Synthetic Data: Public-Use Micro Data for a Big Data World

October 14, 2014

Written by:

Ron Jarmin

Thomas A. Louis, Associate Director, Research and Methodology Directorate
Javier Miranda, Principal Economist, Center for Economic Studies

Businesses, households and policymakers need timely and accurate data to make informed decisions. National statistical offices around the world have a wealth of information from survey and administrative sources to meet these needs. However, they are constrained in their ability to release these data because of the confidentiality pledge to data respondents.

Synthetic data offer a way to expand the amount of information that national statistical offices can publically release while maintaining respondent confidentiality. In synthetic datasets, some or all data values are simulated (synthesized) using statistical models designed to mimic the (joint) distributions of the underlying data.

Researchers at the Census Bureau, in partnership with academic economists and statisticians through the Census Bureau’s secure research data centers, recently produced two synthetic public micro datasets. The SIPP-Synthetic Beta product combines survey data from the Survey of Income and Program Participation with administrative records from the Internal Revenue Service and the Social Security Administration (see Benedetto, Stinson and Abowd 2013). The Synthetic Longitudinal Business Database is the first business establishment-level public-use micro dataset made available by a U.S. statistical agency (see Kinney et. al. 2011).

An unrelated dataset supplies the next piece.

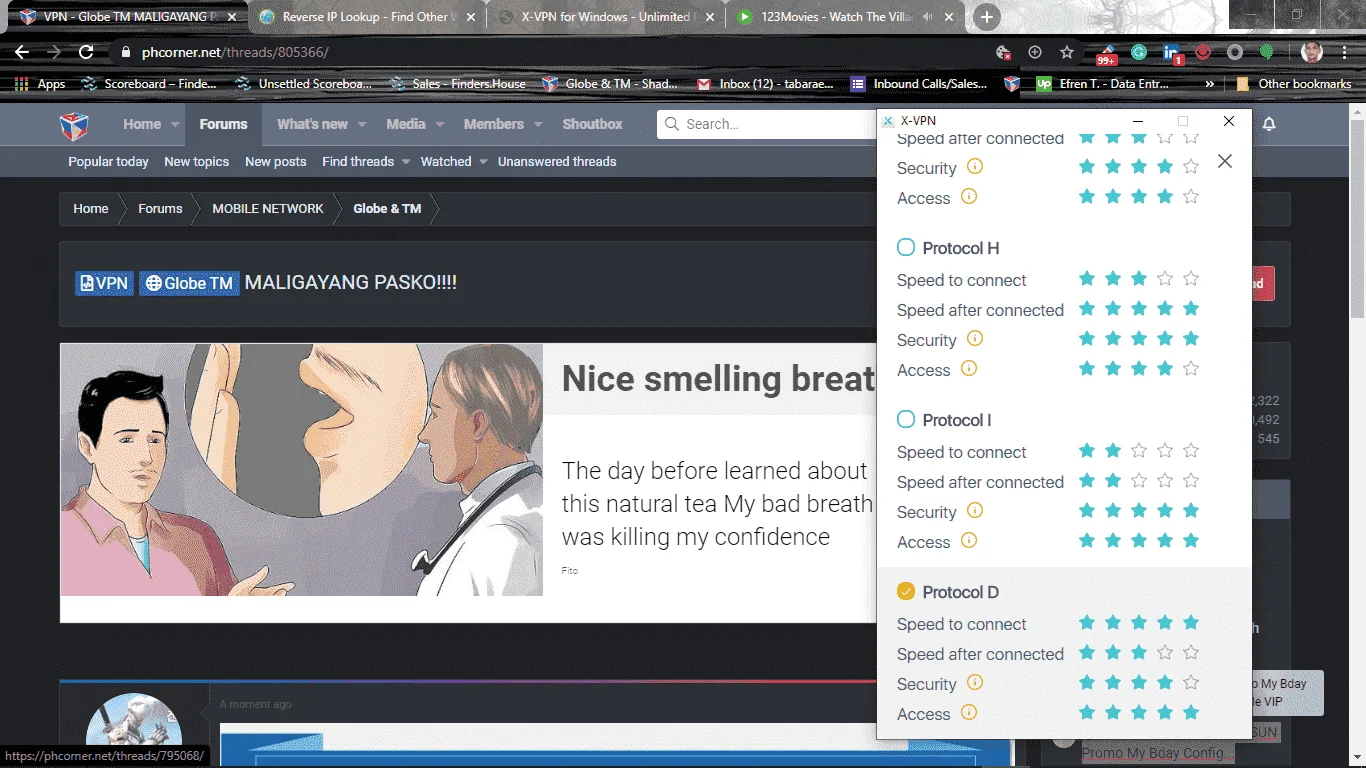 1576875789365.png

Research findings on the development and use of synthetic data and future usage of these data were presented in a session of the World Statistical Congress in August 2013 held in Hong Kong. These articles are accessible in the Statistical Journal of the International Society of Official Statistics.

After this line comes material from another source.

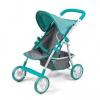 Milly Mally Natalie Prestige Mint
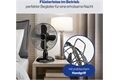 ProfiCare PC-VL 3062 M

While synthetic data are exciting and hold great promise, there are challenges to expanding their development and use. Creating synthetic data requires significant technical expertise that is not widely available within many statistical agencies. Census Bureau progress on synthetic data has relied on robust collaboration with academic experts. Users also confront challenges. Synthetic microdata are still experimental and not as straightforward to use as conventional microdata. Because users may not understand what is involved in developing apps and online tools constructed using synthetic data, such as OnTheMap, they may understate the variance of estimates supplied by such tools.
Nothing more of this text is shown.